The simulator currently models clock, deterministic randomness, disk, a directory-aware std.Io.File/Dir subset, experimental typed message modeling, a narrow scheduler-backed std.Io.net stream subset with deterministic latency, timeout, partition, healing behavior, and literal-only host lookup (an unmodified std.http.Client runs against simulated servers; real DNS stays unsupported), and cooperative std.Io tasks, groups, and futex waits for Mutex / Condition code, validated against the pinned g41797/mailbox target, the internal bounded-queue capability demo, pinned Ochi storage, and the pinned lalinsky/dusty HTTP library. Simulated disk operations park scheduler tasks until their completion deadlines rather than skipping earlier timers. When network simulation is configured, each node also has a process-scoped std.Io backend; killProcess and registered restart lifecycles model process death and explicit application restart. The simulator also models deterministic allocation faults through Env.allocator() and cooperative cancellation: Future.cancel and Group.cancel deliver error.Canceled at futex, sleep, and net suspension points following std.Io's one-shot protocol. A one-shot sim.transitionToLiveness(core) ends the fault regime so bounded runs can prove the core makes progress once faults stop. It does not model arbitrary OS thread scheduling or memory-level concurrency; code that depends on those needs separate testing. Networking has two sibling testing altitudes. Node-scoped std.Io.net is the canonical literal same-code path for codecs, framing, partial I/O, and stream lifecycle. Experimental Endpoint(Message) explores protocol/state-machine behavior above the wire; production uses an application-owned transport seam, and Marionette does not claim that the real transport runs through the endpoint model. The former Marionette-owned production adapters were removed in 0.6. Queue suspension and broader scheduler parity are planned.

Scheduler-backed fibers are tested on Linux and macOS. The x86_64 Windows fiber path is deliberately disabled until its Win64 entry ABI has execution coverage. RealDisk.syncDir returns error.DirectorySyncUnsupported because Zig 0.16 does not expose a portable directory-sync operation.

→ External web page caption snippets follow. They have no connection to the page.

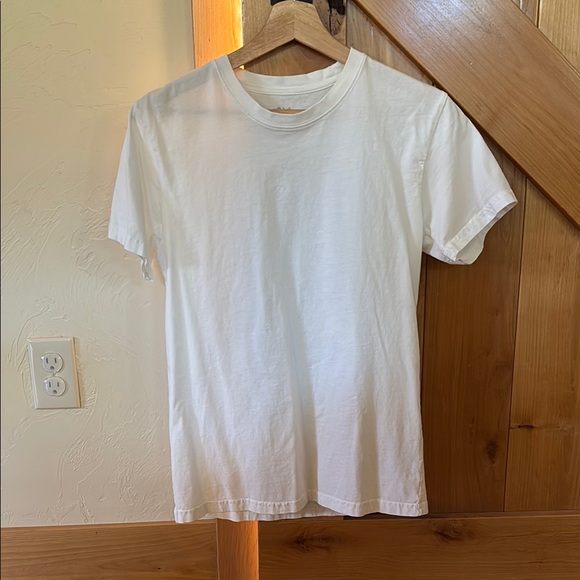 Allbirds Unisex Organic Cotton Graphic Tee - Picture 3 of 3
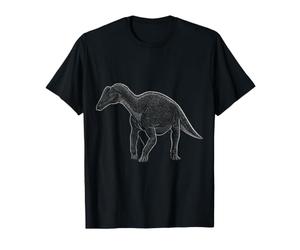 Amoureux des iguanodons Graphiques T-Shirt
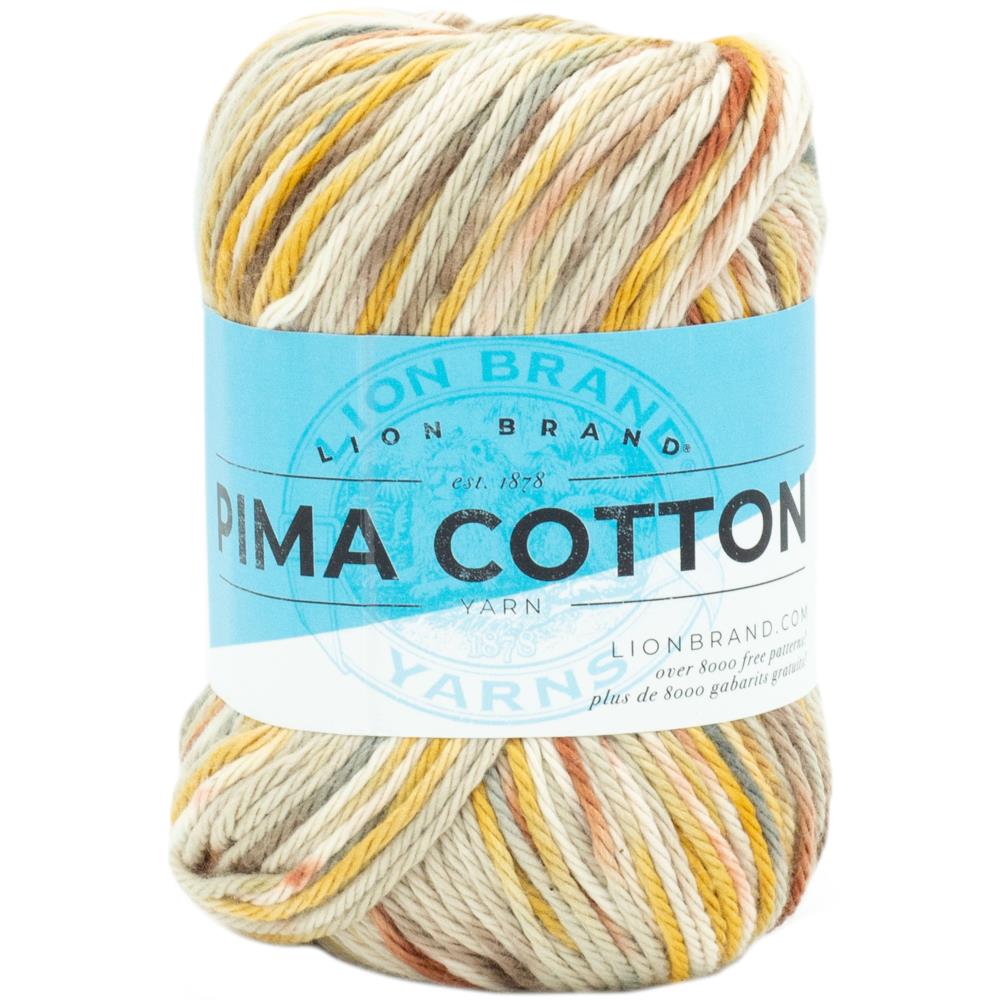 Lion Brand Pima Cotton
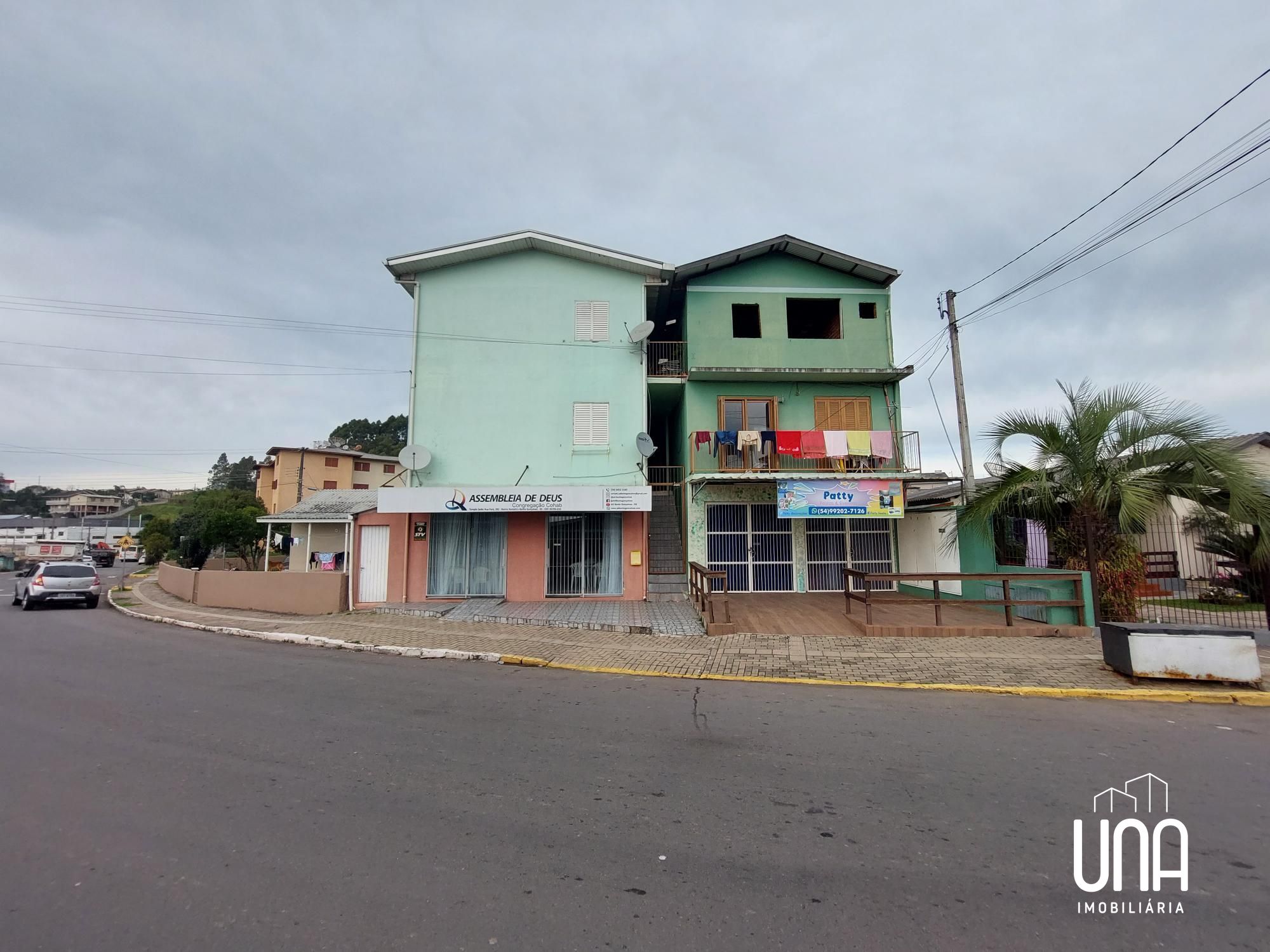 Prédio Inteiro, 600 m² - Foto 1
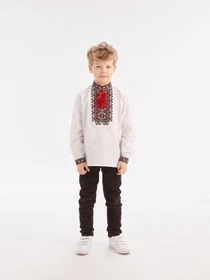 Вышиванки MEREZHKA модель kh027 Фото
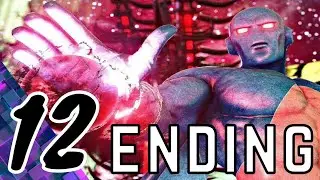 Jump Force PS4 Pro - part 12 ending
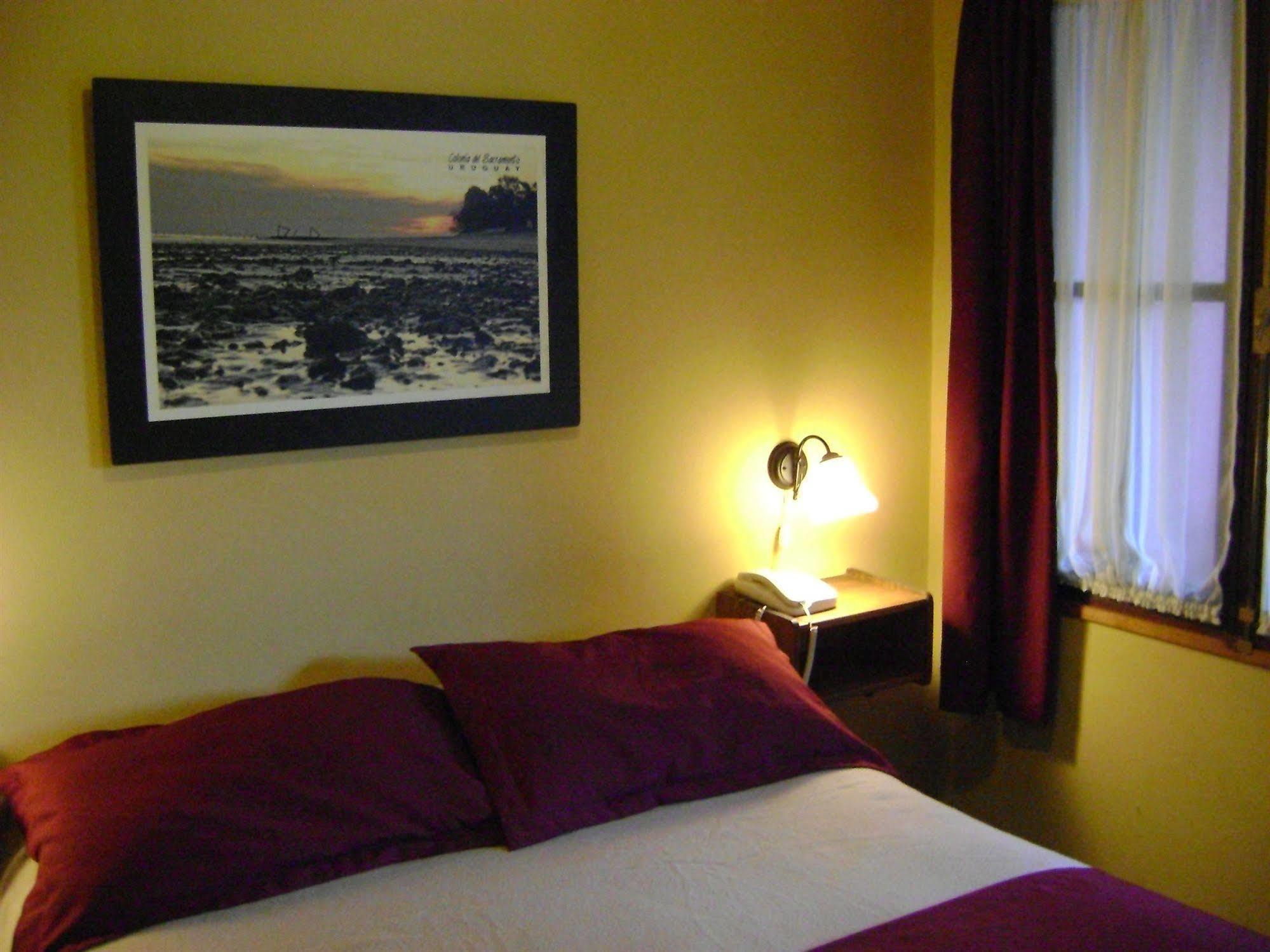 Hotel Rivera Colonia del Sacramento Kültér fotó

The examples/ directory is the best place to start.

Install

zig fetch --save https://github.com/sb2bg/marionette/archive/refs/tags/v0.6.0.tar.gz

Then wire the module into your test build in build.zig and import it:

const marionette = b.dependency("marionette", .{
    .target = target,
    .optimize = optimize,
});
tests_module.addImport("marionette", marionette.module("marionette"));

const mar = @import("marionette");

Consumer builds stay lean: depending on Marionette pulls in Marionette alone, never its validation targets or their pinned third-party dependencies.

Requires Zig 0.16.x.

Acknowledgments

Marionette stands on the shoulders of FoundationDB's simulation testing, TigerBeetle's VOPR, and the broader DST tradition.